## [Exercise description]
Return, word for word, only the lines of the data below that lie between the line with "Zion-NP-0022" and the line with "IMG-20210419-WA0030", those two lines included.

## [Data to process]
#####

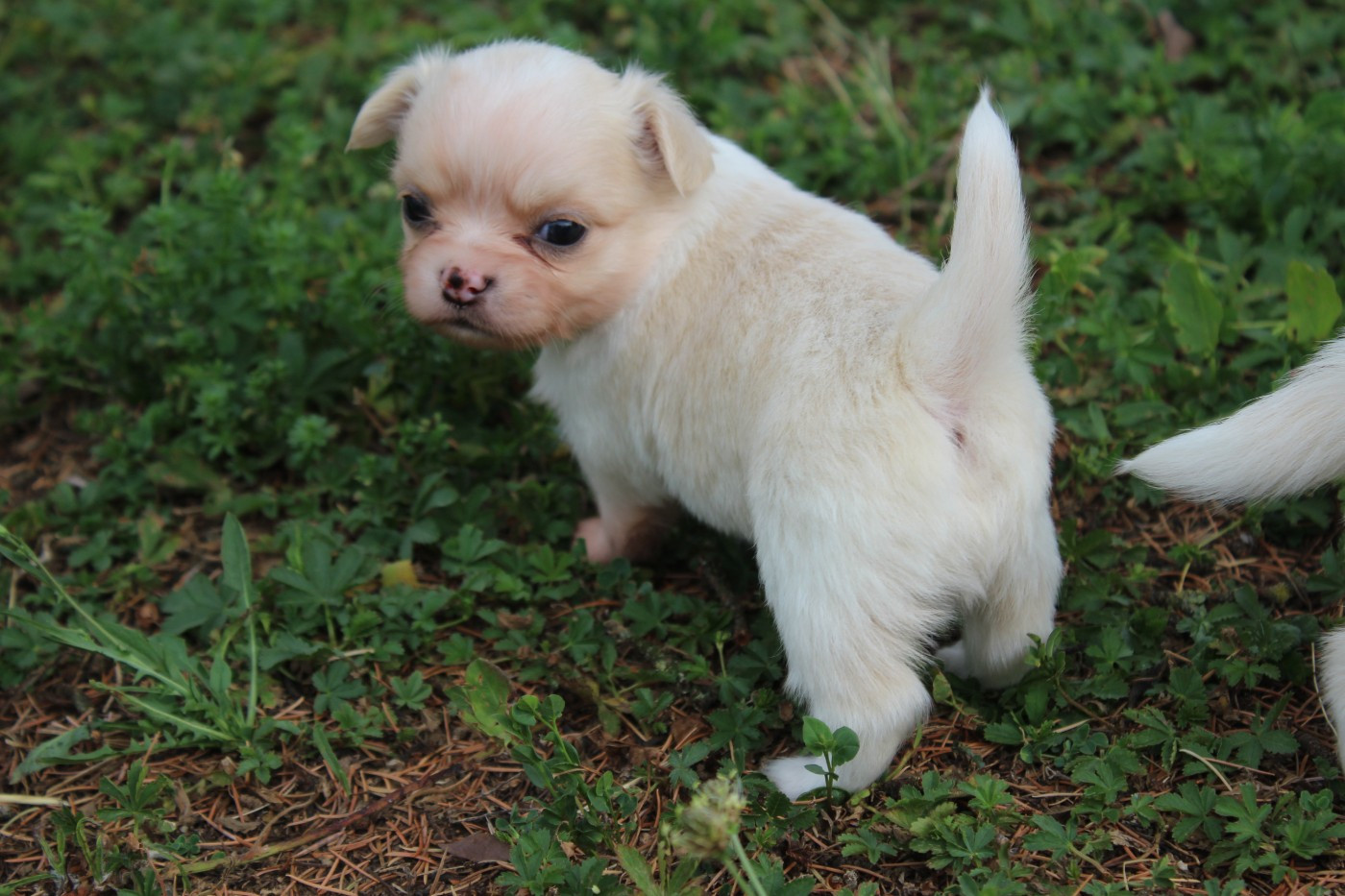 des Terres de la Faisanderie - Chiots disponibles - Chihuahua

#####

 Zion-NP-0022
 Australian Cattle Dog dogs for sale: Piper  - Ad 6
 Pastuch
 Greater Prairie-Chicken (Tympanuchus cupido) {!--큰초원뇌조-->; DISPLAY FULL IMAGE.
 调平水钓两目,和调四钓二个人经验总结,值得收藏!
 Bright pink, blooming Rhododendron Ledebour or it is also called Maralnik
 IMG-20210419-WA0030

#####

## [Problem solution]
 Zion-NP-0022
 Australian Cattle Dog dogs for sale: Piper  - Ad 6
 Pastuch
 Greater Prairie-Chicken (Tympanuchus cupido) {!--큰초원뇌조-->; DISPLAY FULL IMAGE.
 调平水钓两目,和调四钓二个人经验总结,值得收藏!
 Bright pink, blooming Rhododendron Ledebour or it is also called Maralnik
 IMG-20210419-WA0030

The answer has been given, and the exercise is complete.